The problem:
Nothing but the lines from the start of the records through the line that contains "Rambo Stallone sticker" is to be copied, and each is to be copied exactly.

=-=-=

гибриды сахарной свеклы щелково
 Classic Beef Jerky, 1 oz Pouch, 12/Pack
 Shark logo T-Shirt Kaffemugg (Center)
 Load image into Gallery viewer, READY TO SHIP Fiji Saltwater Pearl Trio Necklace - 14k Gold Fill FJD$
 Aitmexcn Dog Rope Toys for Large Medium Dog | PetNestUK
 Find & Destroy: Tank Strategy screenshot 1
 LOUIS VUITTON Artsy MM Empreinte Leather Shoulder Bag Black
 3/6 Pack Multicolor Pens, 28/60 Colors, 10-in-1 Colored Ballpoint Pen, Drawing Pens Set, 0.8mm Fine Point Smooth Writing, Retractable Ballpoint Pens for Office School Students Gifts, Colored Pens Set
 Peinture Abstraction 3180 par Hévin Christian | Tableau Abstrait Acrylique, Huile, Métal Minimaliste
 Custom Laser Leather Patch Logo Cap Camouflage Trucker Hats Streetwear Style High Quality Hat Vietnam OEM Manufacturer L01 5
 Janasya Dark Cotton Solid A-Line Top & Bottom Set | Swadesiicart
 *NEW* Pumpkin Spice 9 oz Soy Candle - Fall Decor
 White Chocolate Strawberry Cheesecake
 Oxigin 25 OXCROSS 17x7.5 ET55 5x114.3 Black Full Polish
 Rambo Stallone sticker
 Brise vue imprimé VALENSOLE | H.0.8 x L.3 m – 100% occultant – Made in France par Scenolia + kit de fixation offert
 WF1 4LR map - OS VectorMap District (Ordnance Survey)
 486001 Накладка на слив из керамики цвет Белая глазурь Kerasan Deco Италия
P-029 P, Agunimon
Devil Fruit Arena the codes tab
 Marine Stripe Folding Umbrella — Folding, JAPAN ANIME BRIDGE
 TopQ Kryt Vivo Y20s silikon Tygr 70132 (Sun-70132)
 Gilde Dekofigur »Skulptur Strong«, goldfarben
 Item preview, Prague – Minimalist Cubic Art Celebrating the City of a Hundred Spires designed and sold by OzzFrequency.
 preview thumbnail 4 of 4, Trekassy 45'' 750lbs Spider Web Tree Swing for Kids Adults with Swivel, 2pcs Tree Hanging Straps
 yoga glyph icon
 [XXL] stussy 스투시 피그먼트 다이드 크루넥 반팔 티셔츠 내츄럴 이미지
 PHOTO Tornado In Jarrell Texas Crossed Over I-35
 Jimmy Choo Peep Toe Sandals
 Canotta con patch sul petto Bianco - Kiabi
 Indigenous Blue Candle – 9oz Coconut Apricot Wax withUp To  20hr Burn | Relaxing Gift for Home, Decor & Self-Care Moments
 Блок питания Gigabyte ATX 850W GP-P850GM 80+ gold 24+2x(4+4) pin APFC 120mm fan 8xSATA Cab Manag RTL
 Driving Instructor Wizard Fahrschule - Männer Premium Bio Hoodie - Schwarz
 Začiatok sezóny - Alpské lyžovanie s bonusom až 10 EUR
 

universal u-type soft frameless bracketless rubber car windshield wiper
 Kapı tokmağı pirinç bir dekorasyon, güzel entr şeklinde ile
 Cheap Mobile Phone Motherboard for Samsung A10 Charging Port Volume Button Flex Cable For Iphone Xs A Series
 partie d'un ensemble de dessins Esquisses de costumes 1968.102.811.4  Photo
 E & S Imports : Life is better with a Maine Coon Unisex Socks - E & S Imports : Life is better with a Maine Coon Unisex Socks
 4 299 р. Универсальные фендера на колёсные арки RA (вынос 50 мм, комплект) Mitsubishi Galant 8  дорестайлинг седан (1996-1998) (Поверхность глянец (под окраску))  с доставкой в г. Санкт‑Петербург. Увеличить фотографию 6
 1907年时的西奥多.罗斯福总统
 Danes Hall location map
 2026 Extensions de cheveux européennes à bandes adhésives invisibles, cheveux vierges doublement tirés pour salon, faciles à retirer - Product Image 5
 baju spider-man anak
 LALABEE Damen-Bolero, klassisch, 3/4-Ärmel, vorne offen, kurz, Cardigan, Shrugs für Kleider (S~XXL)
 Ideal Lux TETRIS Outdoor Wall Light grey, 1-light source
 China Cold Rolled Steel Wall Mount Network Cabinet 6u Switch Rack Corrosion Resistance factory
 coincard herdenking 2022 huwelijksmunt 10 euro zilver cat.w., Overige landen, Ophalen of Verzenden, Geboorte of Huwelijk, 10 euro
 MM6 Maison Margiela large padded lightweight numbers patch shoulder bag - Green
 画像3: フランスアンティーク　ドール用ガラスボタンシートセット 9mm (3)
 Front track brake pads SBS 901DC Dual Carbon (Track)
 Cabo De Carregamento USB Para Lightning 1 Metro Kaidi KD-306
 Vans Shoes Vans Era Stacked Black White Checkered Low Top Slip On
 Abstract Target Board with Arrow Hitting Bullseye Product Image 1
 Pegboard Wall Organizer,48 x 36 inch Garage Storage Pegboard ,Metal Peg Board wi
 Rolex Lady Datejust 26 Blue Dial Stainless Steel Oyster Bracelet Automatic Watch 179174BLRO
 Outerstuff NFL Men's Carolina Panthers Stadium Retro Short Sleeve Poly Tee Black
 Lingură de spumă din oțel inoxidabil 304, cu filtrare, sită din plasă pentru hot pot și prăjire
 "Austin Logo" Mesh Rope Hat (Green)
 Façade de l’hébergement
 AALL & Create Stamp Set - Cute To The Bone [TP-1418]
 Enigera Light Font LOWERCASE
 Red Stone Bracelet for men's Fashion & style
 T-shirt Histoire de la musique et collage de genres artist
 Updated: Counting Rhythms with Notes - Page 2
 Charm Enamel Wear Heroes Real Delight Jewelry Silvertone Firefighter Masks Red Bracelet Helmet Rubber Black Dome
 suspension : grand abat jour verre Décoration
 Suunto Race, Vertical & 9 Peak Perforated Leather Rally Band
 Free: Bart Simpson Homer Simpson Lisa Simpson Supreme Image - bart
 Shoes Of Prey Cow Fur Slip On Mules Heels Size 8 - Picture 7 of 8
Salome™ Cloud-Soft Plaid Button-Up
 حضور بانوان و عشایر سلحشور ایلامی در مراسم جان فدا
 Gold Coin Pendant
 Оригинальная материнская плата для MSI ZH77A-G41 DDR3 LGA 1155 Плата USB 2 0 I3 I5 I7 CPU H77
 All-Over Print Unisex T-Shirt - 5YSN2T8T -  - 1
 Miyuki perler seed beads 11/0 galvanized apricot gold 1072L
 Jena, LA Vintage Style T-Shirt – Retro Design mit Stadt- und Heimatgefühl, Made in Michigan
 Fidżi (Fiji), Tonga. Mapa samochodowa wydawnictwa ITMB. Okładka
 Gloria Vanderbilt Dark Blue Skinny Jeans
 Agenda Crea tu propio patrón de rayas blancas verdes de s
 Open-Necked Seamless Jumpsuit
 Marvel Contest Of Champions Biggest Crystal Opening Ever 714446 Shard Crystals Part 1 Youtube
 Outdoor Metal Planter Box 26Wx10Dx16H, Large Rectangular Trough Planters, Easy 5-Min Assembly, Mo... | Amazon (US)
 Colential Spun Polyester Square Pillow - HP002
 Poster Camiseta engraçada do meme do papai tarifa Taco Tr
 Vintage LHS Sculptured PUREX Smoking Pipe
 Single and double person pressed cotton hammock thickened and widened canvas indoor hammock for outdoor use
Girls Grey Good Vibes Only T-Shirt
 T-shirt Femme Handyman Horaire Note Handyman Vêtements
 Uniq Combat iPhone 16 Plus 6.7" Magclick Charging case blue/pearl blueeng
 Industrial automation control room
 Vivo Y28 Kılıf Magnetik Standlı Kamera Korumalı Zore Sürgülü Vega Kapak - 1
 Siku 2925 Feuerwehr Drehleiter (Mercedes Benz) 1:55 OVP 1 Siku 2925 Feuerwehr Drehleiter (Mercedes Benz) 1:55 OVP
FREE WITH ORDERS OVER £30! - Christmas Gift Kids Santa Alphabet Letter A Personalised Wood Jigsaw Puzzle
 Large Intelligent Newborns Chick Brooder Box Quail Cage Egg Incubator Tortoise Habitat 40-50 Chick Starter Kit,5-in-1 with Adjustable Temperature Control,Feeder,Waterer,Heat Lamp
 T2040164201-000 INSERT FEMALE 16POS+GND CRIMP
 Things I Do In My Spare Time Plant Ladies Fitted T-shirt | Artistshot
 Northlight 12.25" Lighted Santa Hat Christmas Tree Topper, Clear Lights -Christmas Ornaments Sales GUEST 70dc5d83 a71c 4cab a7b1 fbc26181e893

=-=-=

Response area:
гибриды сахарной свеклы щелково
 Classic Beef Jerky, 1 oz Pouch, 12/Pack
 Shark logo T-Shirt Kaffemugg (Center)
 Load image into Gallery viewer, READY TO SHIP Fiji Saltwater Pearl Trio Necklace - 14k Gold Fill FJD$
 Aitmexcn Dog Rope Toys for Large Medium Dog | PetNestUK
 Find & Destroy: Tank Strategy screenshot 1
 LOUIS VUITTON Artsy MM Empreinte Leather Shoulder Bag Black
 3/6 Pack Multicolor Pens, 28/60 Colors, 10-in-1 Colored Ballpoint Pen, Drawing Pens Set, 0.8mm Fine Point Smooth Writing, Retractable Ballpoint Pens for Office School Students Gifts, Colored Pens Set
 Peinture Abstraction 3180 par Hévin Christian | Tableau Abstrait Acrylique, Huile, Métal Minimaliste
 Custom Laser Leather Patch Logo Cap Camouflage Trucker Hats Streetwear Style High Quality Hat Vietnam OEM Manufacturer L01 5
 Janasya Dark Cotton Solid A-Line Top & Bottom Set | Swadesiicart
 *NEW* Pumpkin Spice 9 oz Soy Candle - Fall Decor
 White Chocolate Strawberry Cheesecake
 Oxigin 25 OXCROSS 17x7.5 ET55 5x114.3 Black Full Polish
 Rambo Stallone sticker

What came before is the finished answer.